Hi,

What I want to do is, to take multiple sentences, and create a bar representing the sentence length, and under that bars for words, or string of interest. And this process will be iterated over a text, so I can get many graphs on top of each other representing a paragraph, or a text. To explain better, I made one by hand, (attached ).
I know that I can use functions like len(), index = str.find('query') to get the data I need for that graph, but I do not know how to put it into graphs. I checked out matplotlib, which is a bit complicated for me. I wonder if there is an easier way of doing this.

Thanks a lot.

Attachments Screen_shot_2010-05-11_at_5.01_.26_PM_.png 21.14 KB

I checked out matplotlib, which is a bit complicated for me.

Hey, the first time is always complicated but in reality matplotlib is fairly easy to use. The problem is picking what to use. Herewith an example more or less like the chart you want, in under 50 lines of code.

Of course, you will need to calculate where to plot the rectangles but you should be able to riff off this.
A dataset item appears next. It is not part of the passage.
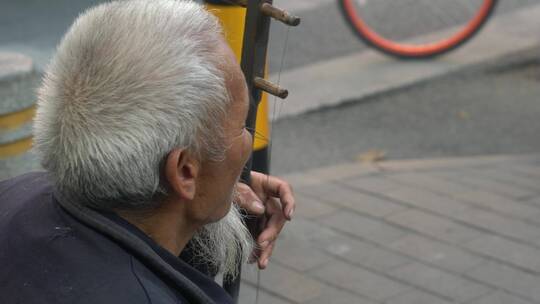 老人  乞丐 街头艺人视频素材模板下载
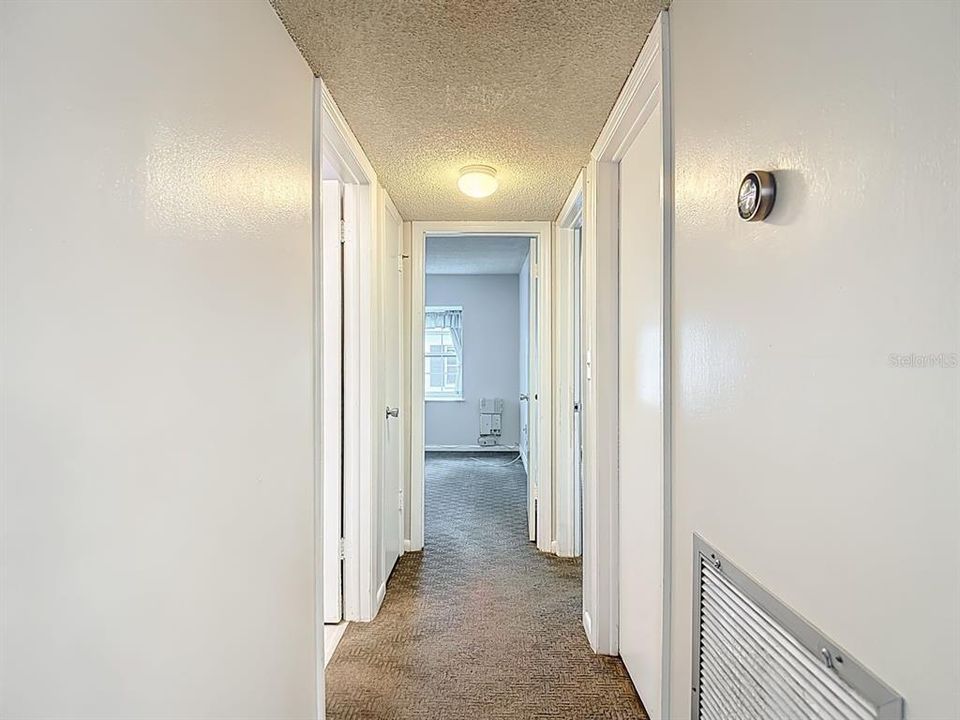 Active With Contract: $179,000 (2 beds, 1 baths, 1000 Square Feet)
Just remember that axhspan() takes your axis units (20->0 in this case) for the Y-values but internal units (always 0->1) for the X-values, and you'll be OK.

import matplotlib
import pylab

if __name__ == '__main__':
    pylab.rcParams['figure.figsize']       = [12.0, 7.0]
    pylab.rcParams['figure.subplot.left']  = 0.12 # Left margin
    pylab.rcParams['figure.subplot.right'] = 1.0-0.08 # Right margin

    # Axes range from 0 to 1 for x-axis (simplifying calls to .axhspan()) and 
    # 20 down to 0 for Y-values because that's convenient for this example

    ax = [0, 1,   20, 0] # [xlo, xhi,   ylo, yhi]

    # First sentence:

    # Red rectangle for the full sentence ... from y=1 to y=2, all the way across

    matplotlib.pyplot.axhspan(1, 2, xmin=0, xmax=1, ec='k', fc='r')
    pylab.text(-0.12, 1.7, "Sentences")

    # Black rectangle for the caps

    matplotlib.pyplot.axhspan(3, 4, xmin=0.12, xmax=0.14, ec='k', fc='k')
    matplotlib.pyplot.axhspan(3, 4, xmin=0.16, xmax=0.19, ec='k', fc='k')
    matplotlib.pyplot.axhspan(3, 4, xmin=0.42, xmax=0.45, ec='k', fc='k')
    pylab.text(-0.12, 3.7, "Capital words")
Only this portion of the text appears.